Artyom Pavlov <newpavlov@xxxxxxxxx> · Thu, 10 Mar 2022 06:48:16 +0300

OK, so what you're asking is to be able to submit an sqe to ring1, but
have the completion show up in ring2? With the idea being that the rings
are setup so that you're basing this on which thread should ultimately
process the request when it completes, which is why you want it to
target another ring?

Yes, to both questions.

1) It's a fast path code addition to every request, we'd need to check
    some new field (sqe->completion_ring_fd) and then also grab a
    reference to that file for use at completion time.

Since migration of tasks will be relatively rare, the relevant branch 
could be marked as cold and such branch should be relatively easy for 
CPU branch predictor. So I don't think we will see a measurable 
performance regression for the common case.
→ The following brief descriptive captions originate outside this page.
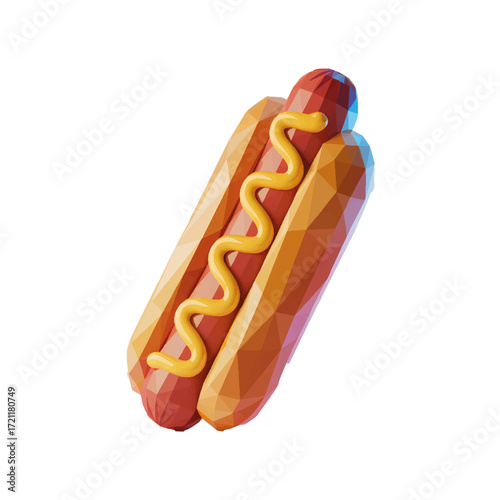Colorful low poly hot dog with mustard and relish served on a bun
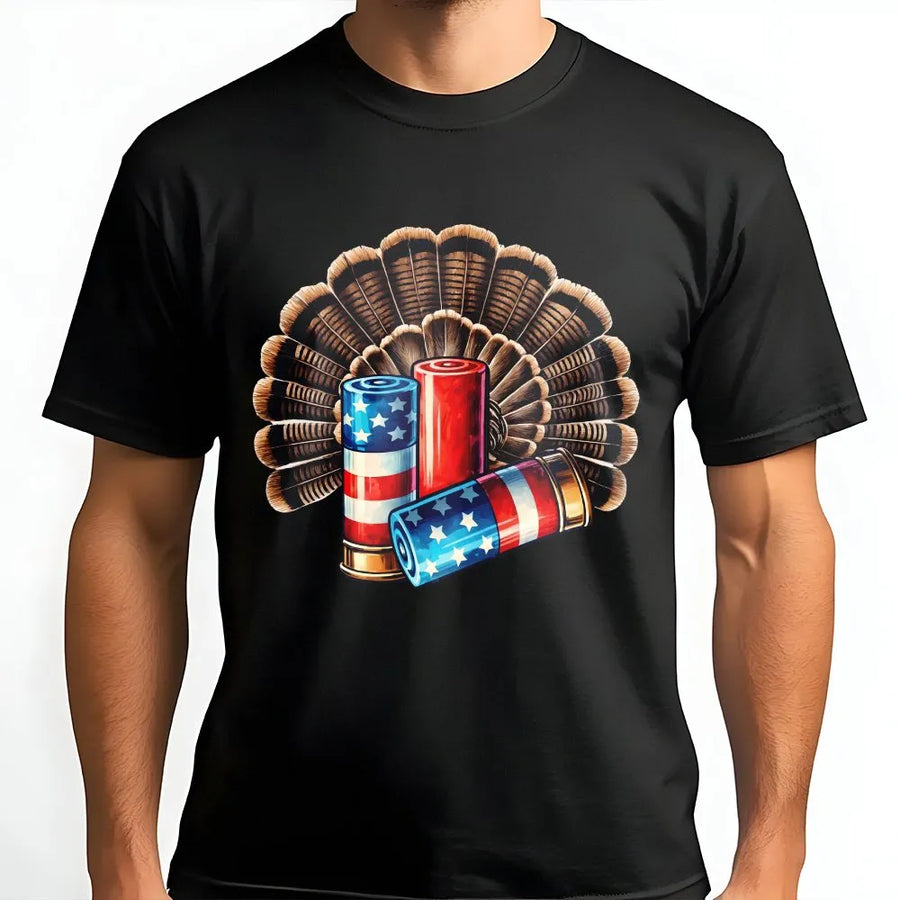 Patriotic Turkey Hunting T-Shirt | American Flag Shotgun Shells & Feather Fan Graphic | Comfortable Cotton Blend | Gift for Hunter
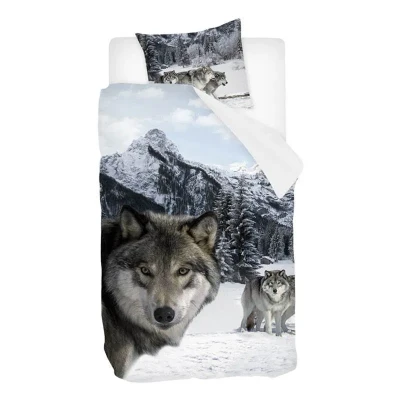 Afbeelding van Snoozing Wolf Flanel Dekbedovertrek Eenpersoons 140x200/220 cm Multi kleur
2) Completions are protected by the completion lock, and it isn't
    trivial to nest these. What happens if ring1 submits an sqe with
    ring2 as the cqe target, and ring2 submits an sqe with ring1 as the
    cqe target? We can't safely nest these, as we could easily introduce
    deadlocks that way.

I thought a better approach will be to copy SQE from ring1 into ring2 
internal buffer and execute it as usual (IIUC kernel copies SQEs first 
before processing them). I am not familiar with internals of io-uring 
implementation, so I can not give any practical proposals.

My knee jerk reaction is that it'd be both simpler and cheaper to
implement this in userspace... Unless there's an elegant solution to it,
which I don't immediately see.

Yes, as I said in the initial post, it's certainly possible to do it in 
user-space. But I think it's a quite common problem, so it could warrant 
including a built-in solution into io-uring API. Also it could be a bit 
more efficient to do in kernel space, e.g. you would not need mutexes, 
which in the worst case may involve parking and unparking threads, thus 
stalling event loop.

> The submitting task is the owner of the request, and will ultimately
> be the one that ends up running eg task_work associated with the
> request. It's not really a good way to shift work from one ring to
> another, if the setup is such that the rings are tied to a thread and
> the threads are in turn mostly tied to a CPU or group of CPUs.

I am not sure I understand your point here. In my understanding, the 
common approach for using io-uring is to keep in user_data a pointer to 
FSM (Finite State Machine) state together with pointer to a function 
used to drive FSM further after CQE is received (alternatively, instead 
of the function pointer a jump table could be used).

Usually, it does not matter much on which thread FSM will be driven 
since FSM state is kept on the heap. Yes, it may not be great from CPU 
cache point of view, but it's better than having unbalanced thread load.